== WORK INSTRUCTIONS ==
Go through the lines below and repeat each one exactly, skipping pictures.

** RAW DATA follows **

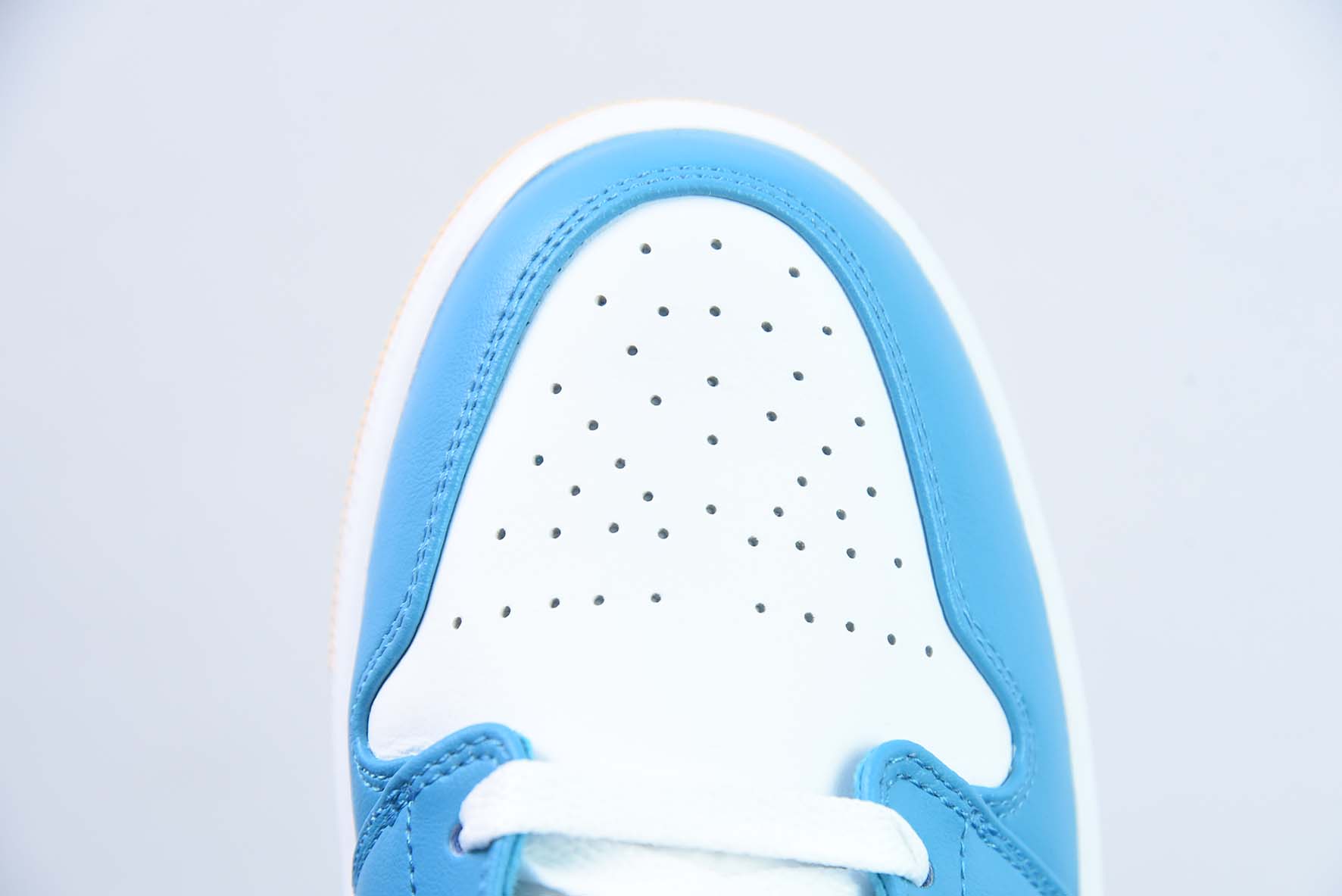 Air Jordan 1 MID AJ1中帮经典复古文化休闲运动篮球鞋“白湖水蓝”货号:DQ8426-400
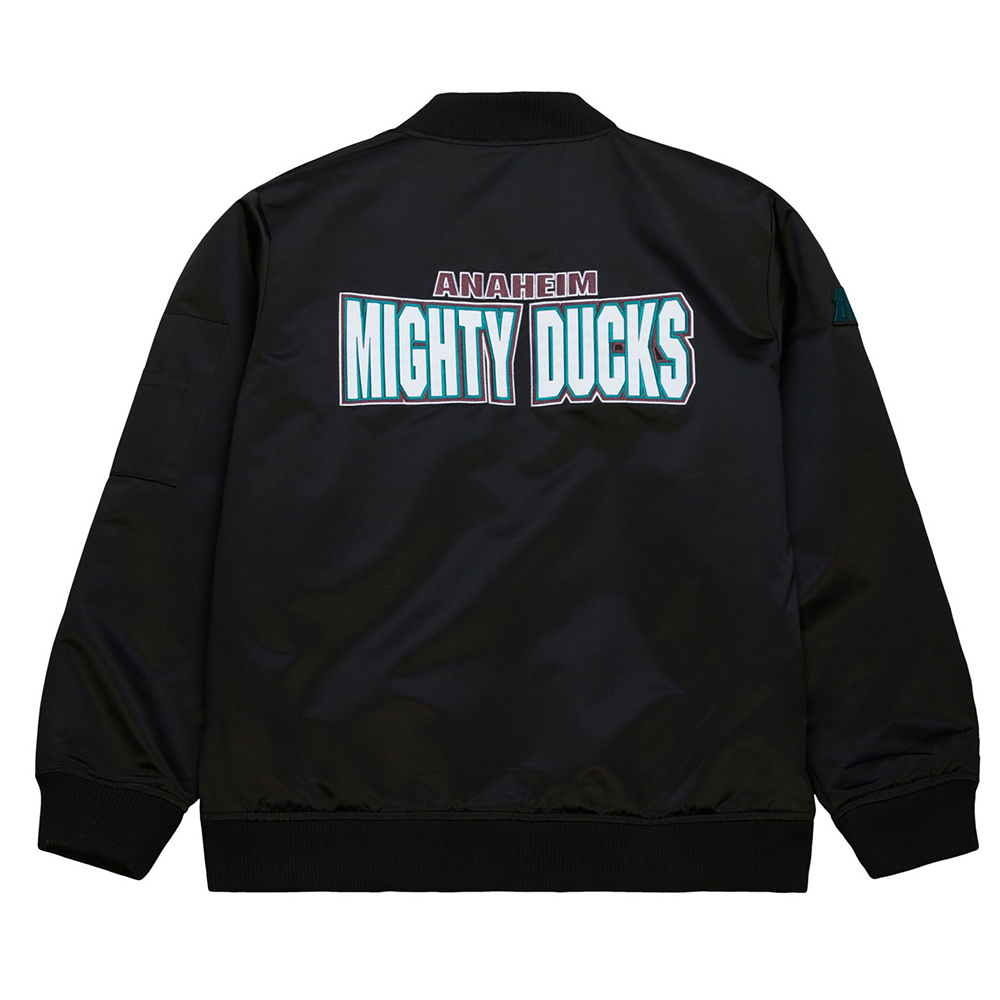 Anaheim Ducks Vintage Logo Lightweight Satin Jacket - Image 2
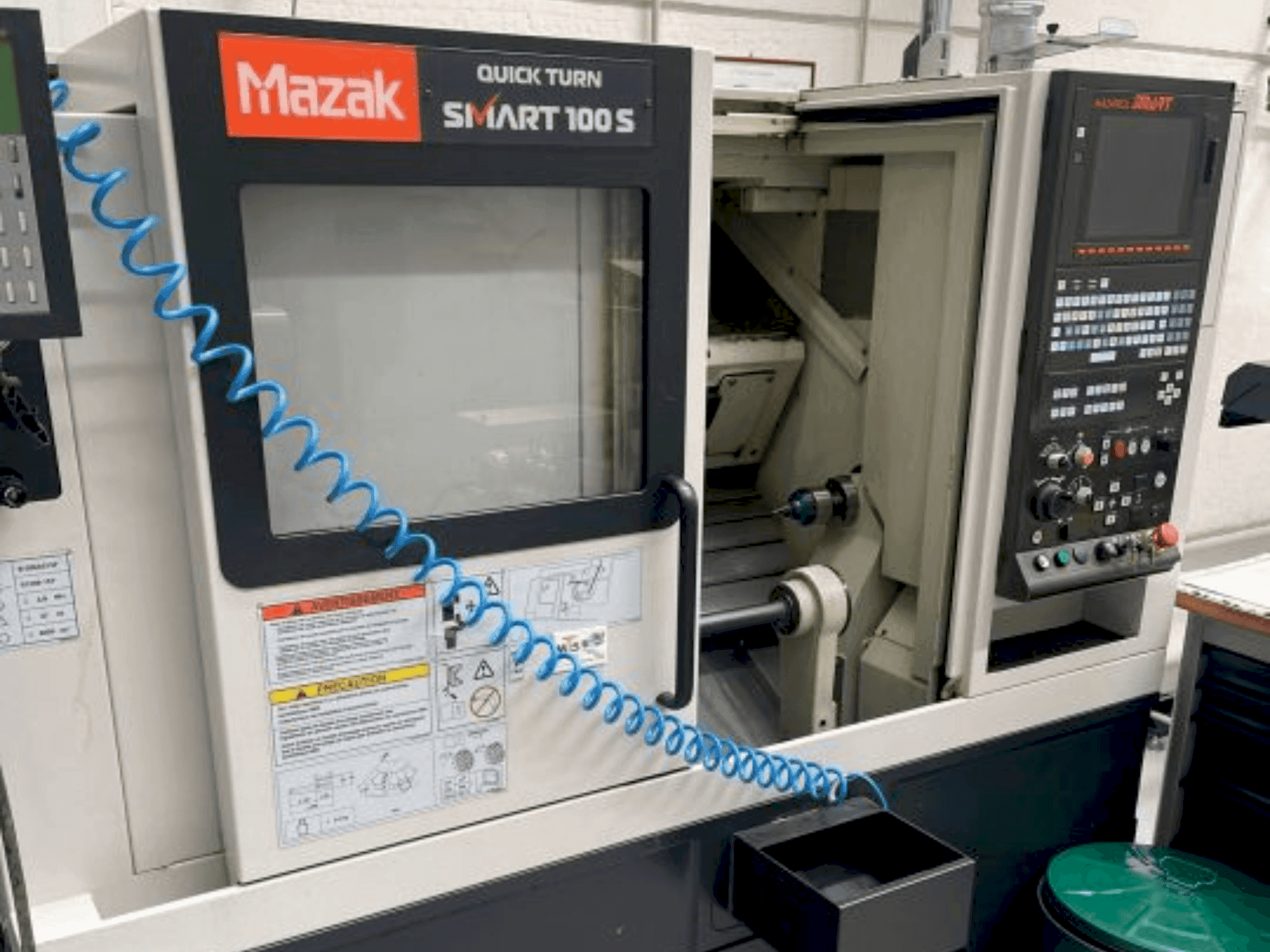Widok z przodu maszyny Mazak QT SMART-100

** End of RAW DATA **

== YOUR RESPONSE ==
 Air Jordan 1 MID AJ1中帮经典复古文化休闲运动篮球鞋“白湖水蓝”货号:DQ8426-400
 Anaheim Ducks Vintage Logo Lightweight Satin Jacket - Image 2
Widok z przodu maszyny Mazak QT SMART-100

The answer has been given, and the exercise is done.